A woman sitting at the Tamsui River in Taipei, drawing the landscape with ink on a wide sheet of paper on the stone bench in front of her. She seems focused on her work and serene.

創作 (Creation)

There are maybe few feelings I seek as much as the feeling of “Flow,” of being fully immersed in creative work, with a buzzing brain.

Yet, in my life I have experienced very different states of flow. There is the flow of writing or working on a math or coding problem, a kind of deep immersion in the task, my own thoughts, and ideas. Then there is the flow of music and performing arts, an outside-directed flow, a dance with the people or situation around me. (German has the wonderful word of “Bühnensau” for these moments, the stage hog, but literally “stage sow.”) There is the flow of running outside or taking images, a flow that is open towards and in resonance with the surrounding nature. The flow of working with others on a common project and the purpose coming with that (in my German, “ballern”). And finally a somewhat manic, frenzied flow, a rushed whirlwind of action, foaming emotions, as exciting as exhausting.

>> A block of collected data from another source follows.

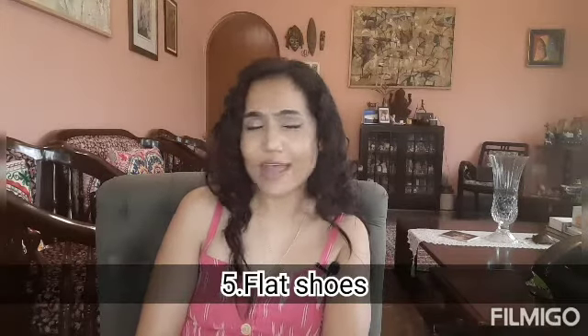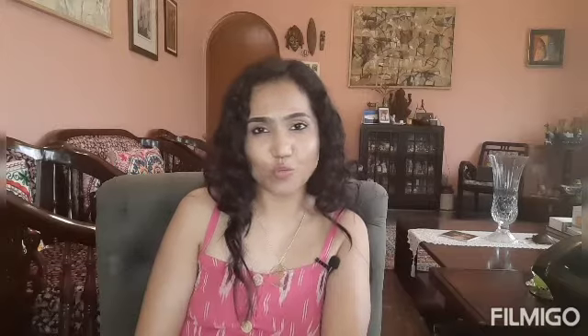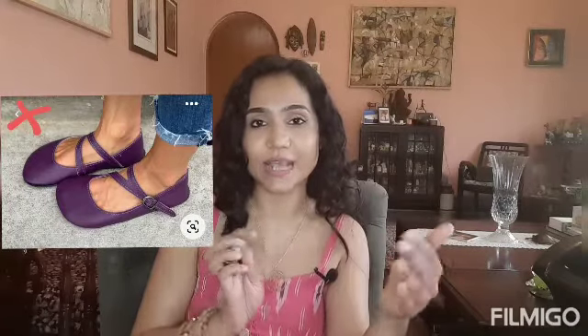The next one is flats. As a short woman, does it mean we cannot wear flats? No — we can, and I often choose to wear them because they are more comfortable. When choosing flats, remember to choose something slightly pointier and not completely blunt or round in the front. If it's blunt and rounded at the front, it shortens the length of your feet and thereby shortens the length of your entire leg.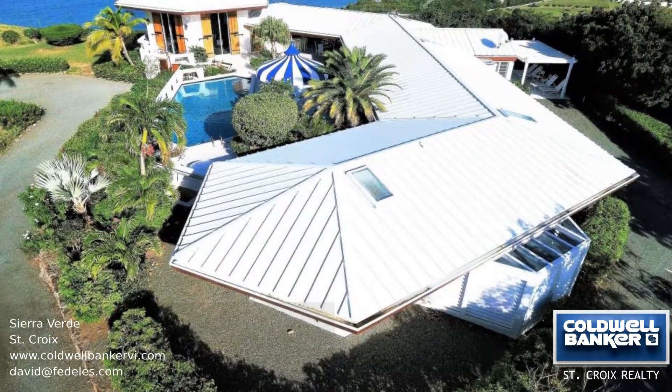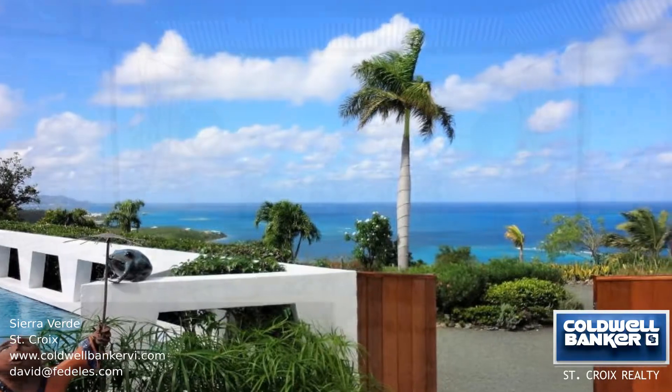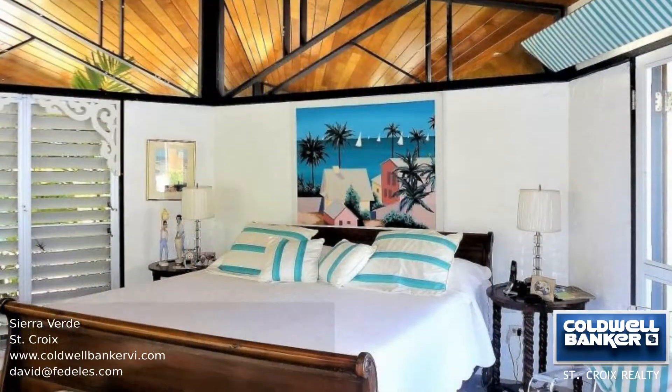This spectacular home on nearly three acres has amazing views from every room. The home has five bedrooms and four bathrooms and 3,000 square feet of interior space.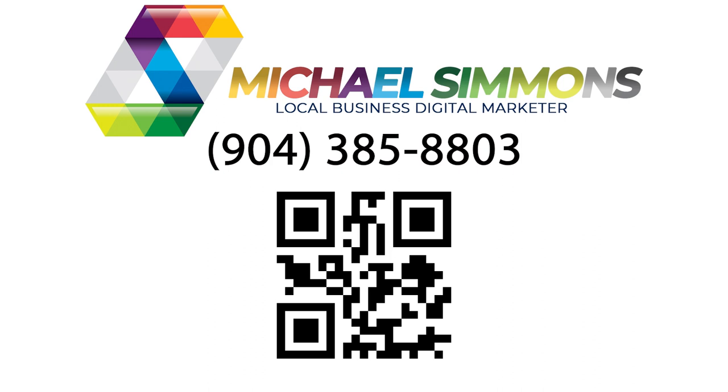Get in touch with us today to answer any questions you may have and to get that free demo video. Call us at the phone number on the screen, or scan the QR code on the screen with your phone's camera to be connected to us now.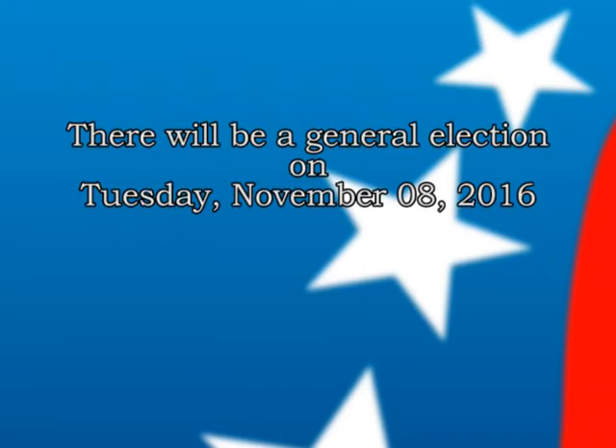Hi, my name is Walt Percevich. I'm the City Clerk of Dearborn Heights. I'm here to talk about the upcoming presidential election, which will be held on Tuesday, November 8, 2016.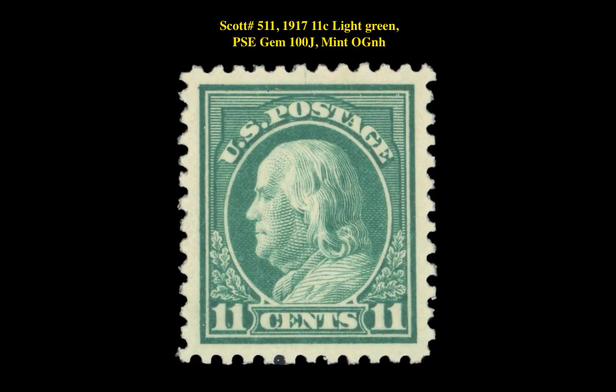Our second stamp is a Scott No. 511, 1917, 11 Cent, Light Green, PSE Gem 100J, Mint Original Gum Never Hinged. This Washington Franklin issue is currently listed at $2,500.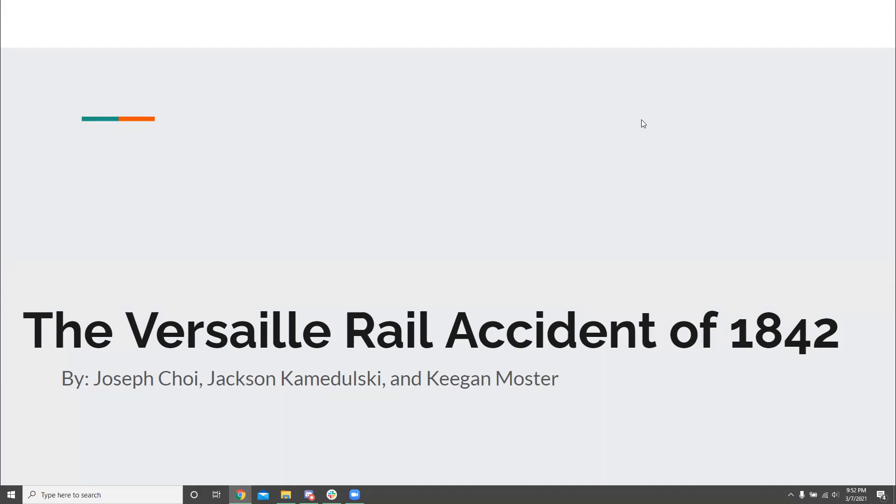Hi, my name is Keegan Moster, and I have my partners here. I'm Joseph Choi. I'm Jackson Kamadolsky. And the fatigue failure analysis that we did was the Versailles rail accident of 1842.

In those moments, this image would probably help to calm me down again, as it shows a mindful, open work that seems outside of time. But alas, things like images of course stop to exist in a maelstrom like that.

Unfortunately, I was never much of a painter. My drug of choice was rather music. Now that I think of it: Maybe playing in symphony orchestras is so great as it somehow allows to combine and connect all of the above parts: deep focus on your own part, the connection to other musicians and the audience, the tenderness of solos and frenzy of fortissimo.

Just listening probably doesn’t allow to feel the energy that is set free when playing a concert with 250 other people after practicing it for two weeks, eight hours a day. But visiting a concert or putting on your headphones and listening to Mahler’s second might still get get some of the experience across.